J’ai opté ensuite pour la sole, pas envie de comparer le Loup de Mer à celui dégusté hier soir chez Da Toto Al Porto Antico que je recommande également, décor idéal sur la Marina…
Dans l’attente de la sole, on va me servir le truc qui tue : des…, comment dire, une sorte de conchiglie farcies d’une crème de thon très parfumée relevée de condiments délicats servis à une température idéale… Un choc, délectable pour les papilles, fort pour la révélation. C’est plus que délicieux : c’est divin, de ces moments rares où on se fait vraiment surprendre et émouvoir… Ce n’est pas à la carte, pas encore me dit-on. Dommage !
La sole sera royale, présentation dans un lit délicat de petits légumes en écrin d’un beau bulbe de fenouil fouettant le palais des tonalités anisées d’un pastis si méditerranéen, les filets sont impeccablement levés, la cuisson absolument parfaite pour révéler toute la tendreté de la chair délicate, l’huile d’olive finement dosée suinte délicatement dans les fibres parfumées, le mélange souligne la saveur du vilain poisson tout plat mais si goûteux en l’enrichissant par touches colorées plus ou moins aromatisées… un beau moment de ravissement…

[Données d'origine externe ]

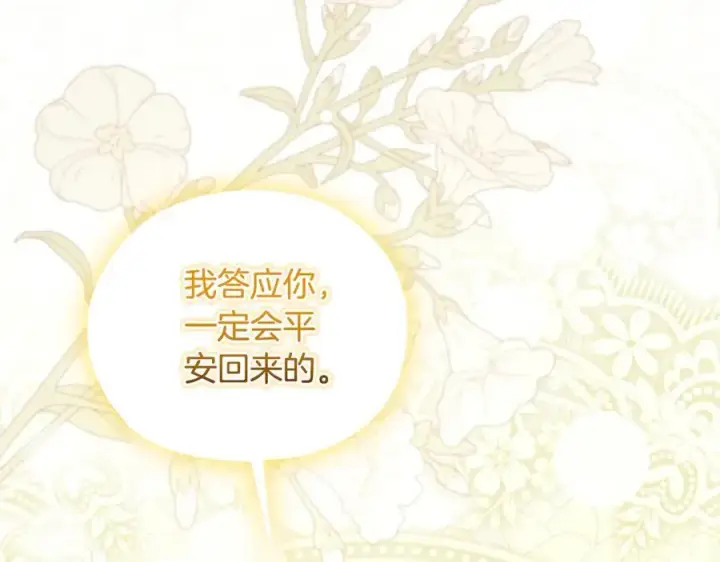 漫画《双胞胎姐姐不再相信他人》第83话 遗迹勘察第160张图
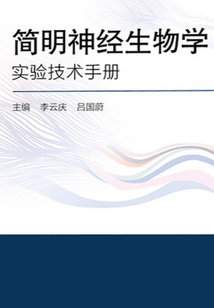 簡明神經生物學實驗技術手冊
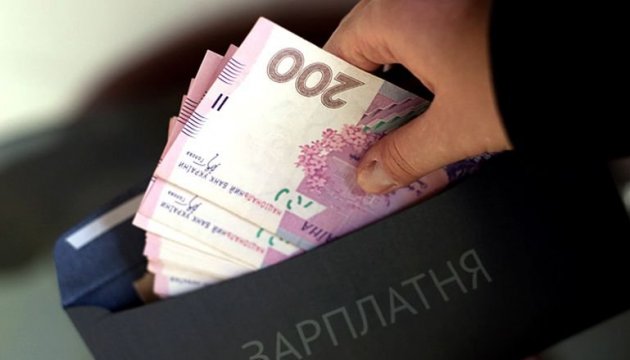 За неделю с должников «выбили» почти 21 млн грн зарплатного долга 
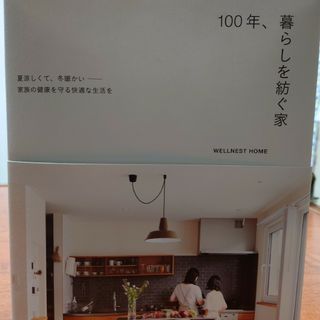 シュフノトモシャ(主婦の友社)の１００年、暮らしを紡ぐ家(住まい/暮らし/子育て)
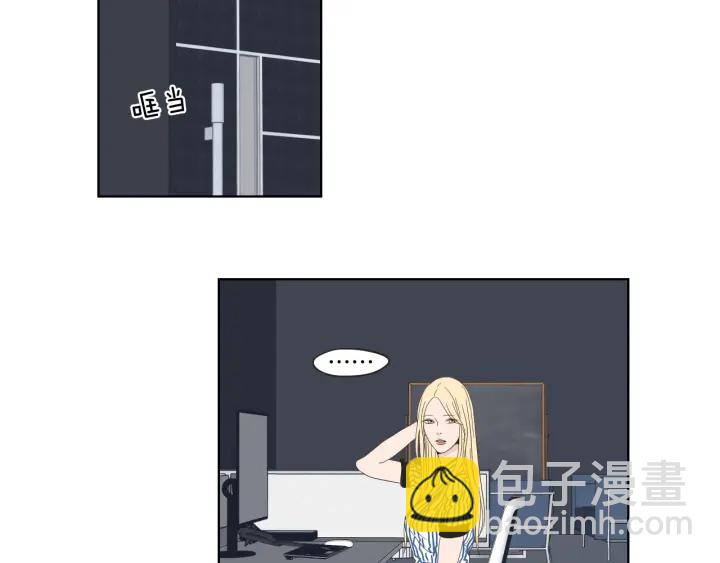 《狐狸在说什么？》第37话 我会对你负责 第29页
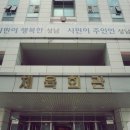 탄천종합운동장 주경기장 이미지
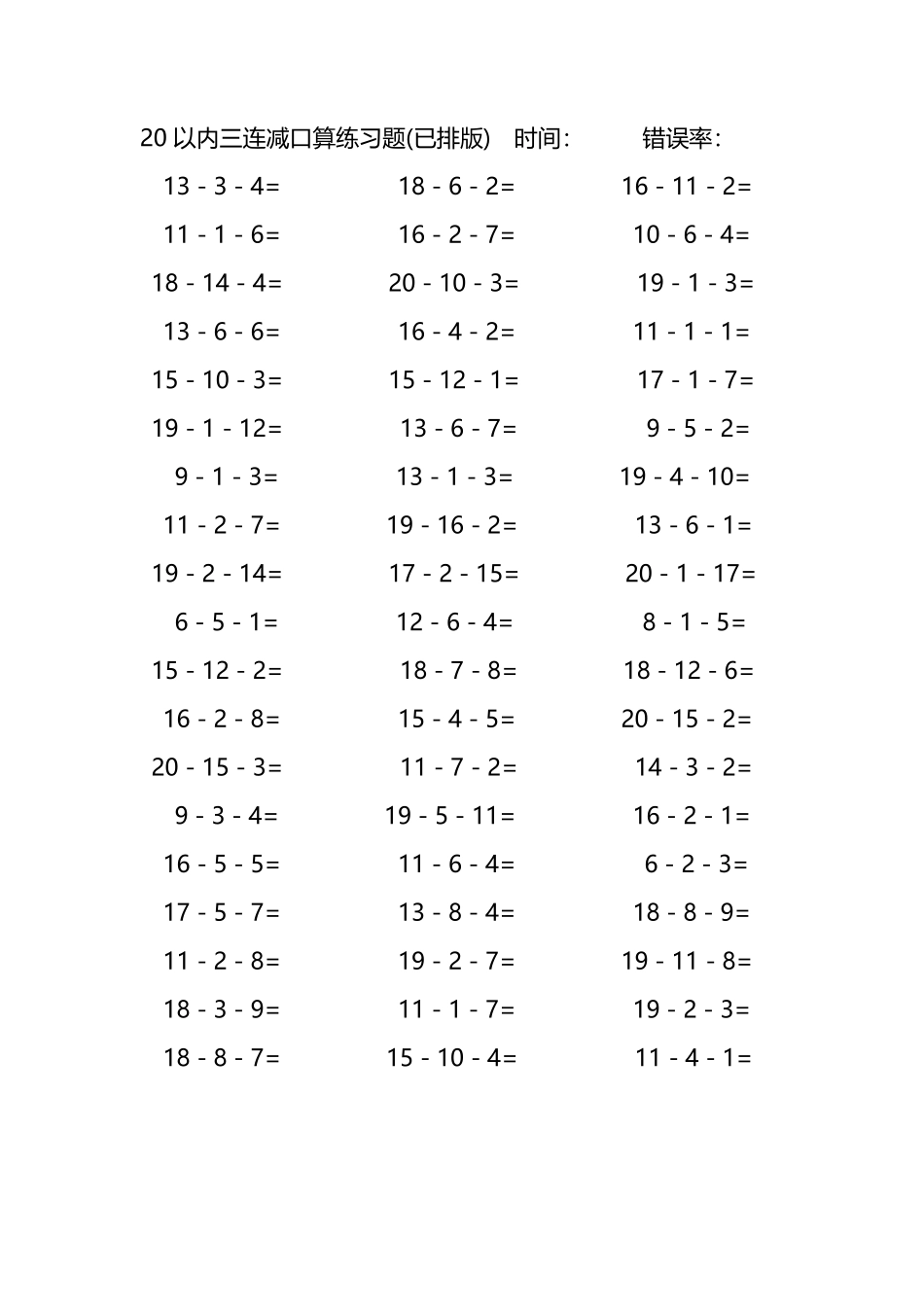 20以内三连减口算练习题121.pdf_第1页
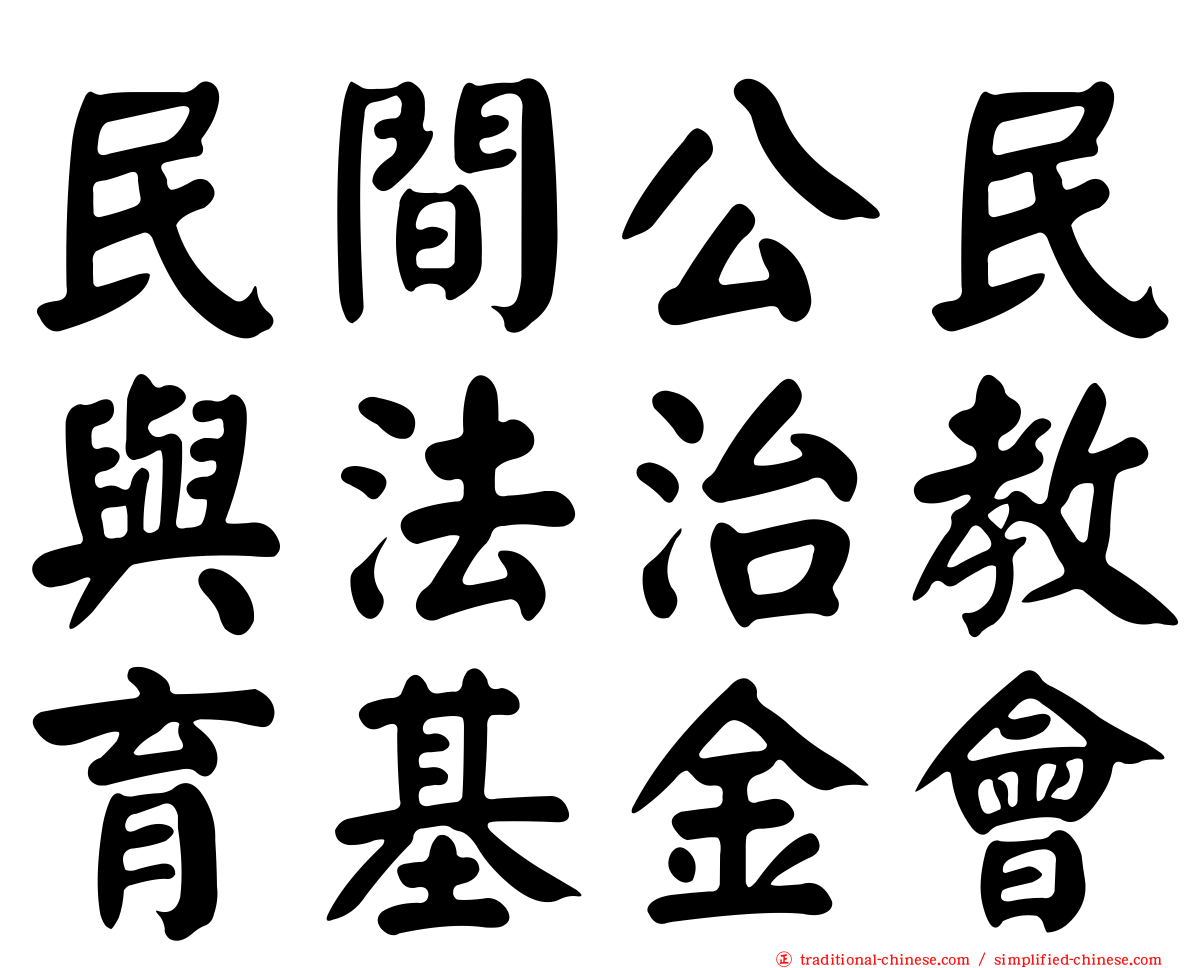 民間公民與法治教育基金會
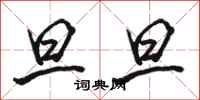 骆恒光旦旦行书怎么写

Une soupe de fruits frais aux fragrances très printanières laissera une petite note de revigorantes fraîcheurs dans tout le corps, que l’expresso si minuscule et herculéen – à croire que seuls les Italiens savent le sublimer de la sorte - ne saura qu’illuminer un peu plus…
Nous bavarderons quelques minutes trop courtes dans l’anglais balbutiant mais teinté de raffinement de la dame éternelle, je plaisanterai en lui proposant un verre dans un bar à cocktail unique que j’ai repéré la veille, elle répondra avec un amusement aux mille significations : « demain peut-être… »
La note n’est pas exagérément sévère (72 € incluant 2 verres de vin) compte tenu du niveau atteint, cette frontière idéale qui n’a pas de prétentions gastronomiques mais délimite un territoire sans nom est précisément ce que je recherche dans ces instants de voyage.